• [PROBLEM TO WORK ON]: Copy out the data exactly as it appears, without a single image.

• [DATASET EXTRACT]:
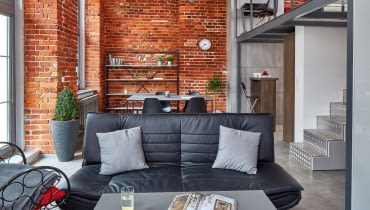 Zwykłe grzejniki płytowe jeszcze na etapie budowy wymieniono na stylizowane żeberkowe, które lepiej wpisują się w klimat pofabrycznego wnętrza. Zwykłe grzejniki płytowe jeszcze na etapie budowy wymieniono na stylizowane żeberkowe, które lepiej wpisują się w klimat pofabrycznego wnętrza.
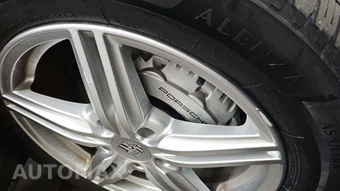 2014 Porsche Cayenne S – miniatura 27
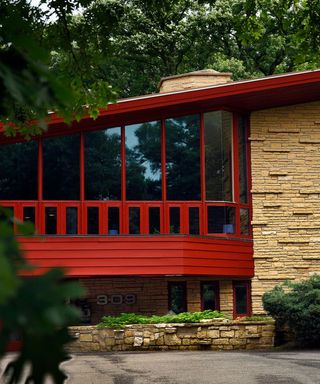 Frank Lloyd Wright rental homes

• [ANSWER SECTION]:
 Zwykłe grzejniki płytowe jeszcze na etapie budowy wymieniono na stylizowane żeberkowe, które lepiej wpisują się w klimat pofabrycznego wnętrza. Zwykłe grzejniki płytowe jeszcze na etapie budowy wymieniono na stylizowane żeberkowe, które lepiej wpisują się w klimat pofabrycznego wnętrza.
 2014 Porsche Cayenne S – miniatura 27
 Frank Lloyd Wright rental homes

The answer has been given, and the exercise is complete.